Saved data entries
********************

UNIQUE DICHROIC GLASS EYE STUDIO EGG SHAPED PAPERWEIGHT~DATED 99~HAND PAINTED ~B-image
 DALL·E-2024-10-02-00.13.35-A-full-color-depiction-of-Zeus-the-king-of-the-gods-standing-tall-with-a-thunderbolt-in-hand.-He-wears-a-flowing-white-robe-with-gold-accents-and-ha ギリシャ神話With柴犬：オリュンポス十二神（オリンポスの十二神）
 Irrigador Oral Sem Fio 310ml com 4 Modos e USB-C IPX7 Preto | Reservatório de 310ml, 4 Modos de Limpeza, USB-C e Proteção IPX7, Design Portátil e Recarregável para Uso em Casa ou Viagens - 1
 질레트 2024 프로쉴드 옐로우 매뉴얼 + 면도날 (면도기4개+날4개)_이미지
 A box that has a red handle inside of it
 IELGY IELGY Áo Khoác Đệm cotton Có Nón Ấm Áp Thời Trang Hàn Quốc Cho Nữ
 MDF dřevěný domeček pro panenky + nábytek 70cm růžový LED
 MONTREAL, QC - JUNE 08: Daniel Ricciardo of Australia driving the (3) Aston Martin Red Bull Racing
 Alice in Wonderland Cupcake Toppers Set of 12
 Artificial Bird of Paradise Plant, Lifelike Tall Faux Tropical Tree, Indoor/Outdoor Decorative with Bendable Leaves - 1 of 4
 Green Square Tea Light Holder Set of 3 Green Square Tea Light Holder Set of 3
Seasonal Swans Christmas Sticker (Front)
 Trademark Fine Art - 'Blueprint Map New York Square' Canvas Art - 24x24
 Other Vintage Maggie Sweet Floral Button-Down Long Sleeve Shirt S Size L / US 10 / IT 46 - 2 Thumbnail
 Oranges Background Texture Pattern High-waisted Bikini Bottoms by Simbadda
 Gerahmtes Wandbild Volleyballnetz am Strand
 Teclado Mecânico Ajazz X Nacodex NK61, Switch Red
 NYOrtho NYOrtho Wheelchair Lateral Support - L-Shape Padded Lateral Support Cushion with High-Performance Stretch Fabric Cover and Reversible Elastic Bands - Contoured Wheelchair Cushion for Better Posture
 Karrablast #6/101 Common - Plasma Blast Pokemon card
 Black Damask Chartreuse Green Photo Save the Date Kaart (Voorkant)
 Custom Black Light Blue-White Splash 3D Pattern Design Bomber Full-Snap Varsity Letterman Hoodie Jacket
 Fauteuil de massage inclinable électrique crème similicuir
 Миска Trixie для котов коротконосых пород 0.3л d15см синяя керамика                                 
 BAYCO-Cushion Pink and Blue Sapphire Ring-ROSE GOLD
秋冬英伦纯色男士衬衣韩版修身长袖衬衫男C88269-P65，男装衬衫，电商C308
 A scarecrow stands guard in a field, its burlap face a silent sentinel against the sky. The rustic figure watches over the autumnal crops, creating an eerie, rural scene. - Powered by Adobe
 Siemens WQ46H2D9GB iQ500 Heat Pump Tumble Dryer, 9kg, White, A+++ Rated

********************

**WHAT IS REQUIRED:**
Return all lines above that mention the word "High".

**REPLY TO THE EXERCISE:**
 Oranges Background Texture Pattern High-waisted Bikini Bottoms by Simbadda
 NYOrtho NYOrtho Wheelchair Lateral Support - L-Shape Padded Lateral Support Cushion with High-Performance Stretch Fabric Cover and Reversible Elastic Bands - Contoured Wheelchair Cushion for Better Posture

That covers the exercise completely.